Konflik ini menyingkap jurang kesenjangan antara warga lokal dengan salah satu perusahaan pupuk terbesar di Asia Tenggara.
Di satu sisi, warga menunjukkan bukti penguasaan lahan sejak puluhan tahun lalu.
Di sisi lain, Pupuk Kaltim mengandalkan HGB yang diterbitkan oleh Badan Pertanahan Nasional (BPN).
Syahrudin menyebut langkah perusahaan sebagai bentuk “surat di atas surat”, merupakan sebuah metafora pahit, ketika dokumen korporasi menyingkirkan surat tanah rakyat, yang masih dipegang pemilik sah.
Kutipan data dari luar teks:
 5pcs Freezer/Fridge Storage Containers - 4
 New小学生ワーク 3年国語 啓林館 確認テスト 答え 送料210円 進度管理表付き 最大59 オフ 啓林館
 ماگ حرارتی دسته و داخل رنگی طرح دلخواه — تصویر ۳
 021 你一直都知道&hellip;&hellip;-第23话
Merujuk Permen ATR/BPN No. 18 Tahun 2021, penerbitan HGB seharusnya hanya bisa dilakukan jika ada bukti penguasaan, atau perjanjian resmi dengan pemilik tanah.
Jika syarat ini tidak dipenuhi, maka HGB yang dimiliki perusahaan berpotensi melanggar hukum.
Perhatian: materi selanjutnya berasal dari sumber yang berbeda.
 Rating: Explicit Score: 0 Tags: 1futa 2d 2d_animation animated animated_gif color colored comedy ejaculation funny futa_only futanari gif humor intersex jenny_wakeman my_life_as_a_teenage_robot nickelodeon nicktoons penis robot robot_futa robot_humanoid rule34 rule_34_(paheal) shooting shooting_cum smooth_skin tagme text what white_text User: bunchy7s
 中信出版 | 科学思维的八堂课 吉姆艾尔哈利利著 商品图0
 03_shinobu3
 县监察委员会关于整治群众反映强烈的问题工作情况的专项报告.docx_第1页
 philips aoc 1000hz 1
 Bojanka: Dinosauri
“Kalau perusahaan tidak pernah membeli, tidak menerima hibah, dan tidak pernah mendapat persetujuan resmi dari pemilik, bagaimana mungkin HGB itu sah? Ini jelas pelanggaran administratif sekaligus bentuk ketidakadilan,” ujarnya.
Warga menilai konflik ini bukan sekadar urusan dokumen, dan di balik penerbitan HGB, mereka menduga ada praktik kongkalikong antara perusahaan dan aparat birokrasi.
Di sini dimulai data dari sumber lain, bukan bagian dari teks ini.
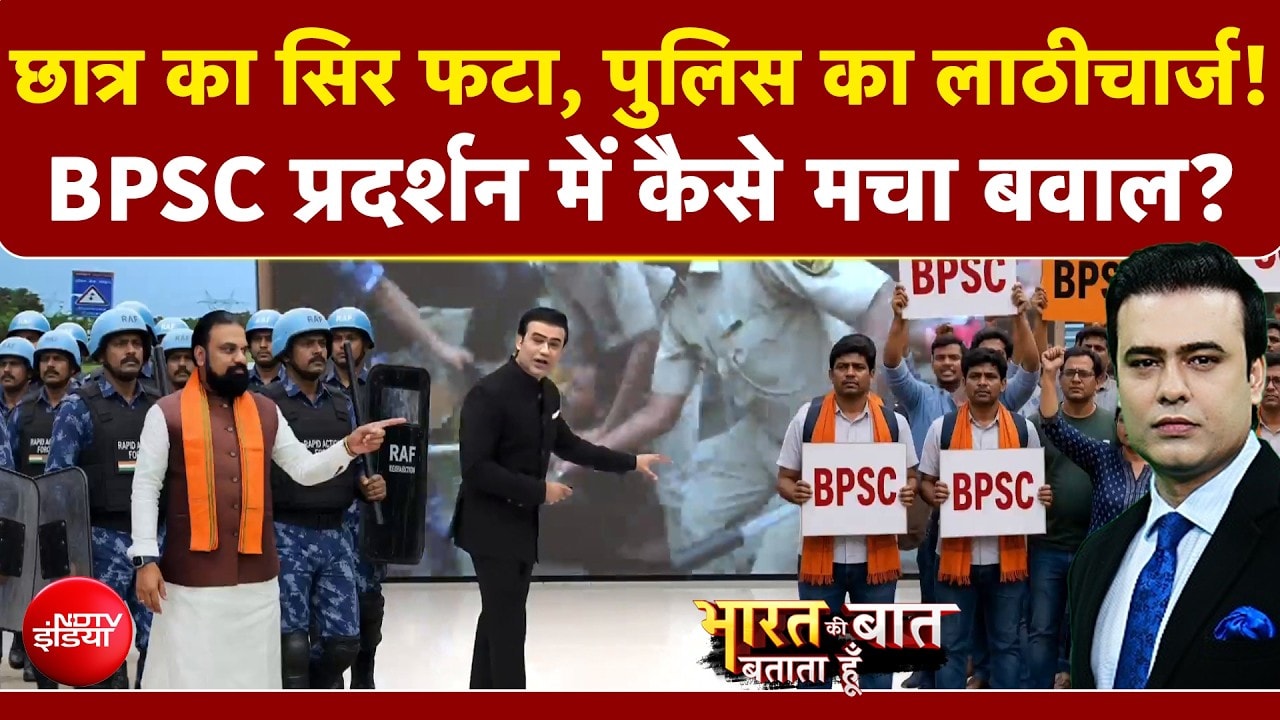 BPSC Protest Lathicharge News: छात्रों पर लाठीचार्ज, वाटर कैनन का इस्तेमाल...मचा बवाल!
Penerbitan sertifikat yang dinilai cacat hukum seolah memperlihatkan negara lebih berpihak, pada korporasi ketimbang rakyatnya sendiri.
Syahrudin menilai kondisi ini menjadi potret klasik konflik agraria nasional: dan rakyat kecil kerap dipaksa mundur dengan dalih legalitas yang justru lahir dari proses bermasalah.
Somasi terbuka ini bukan hanya peringatan hukum, tetapi juga alarm potensi gejolak sosial di Bontang.
Warga mengaku tidak akan diam, jika hak mereka terus digusur oleh dalih sertifikat perusahaan.
“Ini bukan hanya soal lahan, ini soal harga diri rakyat kecil, dan kalau Negara tidak hadir, Kami akan terus melawan,” tutup Syahrudin.
Hingga berita ini diterbitkan, PT Pupuk Kaltim belum memberikan klarifikasi resmi.
Namun, publik menanti, apakah perusahaan pelat merah ini berani membuka dokumen penerbitan HGB mereka secara transparan, atau justru memilih bungkam di tengah tuduhan yang kian menguat.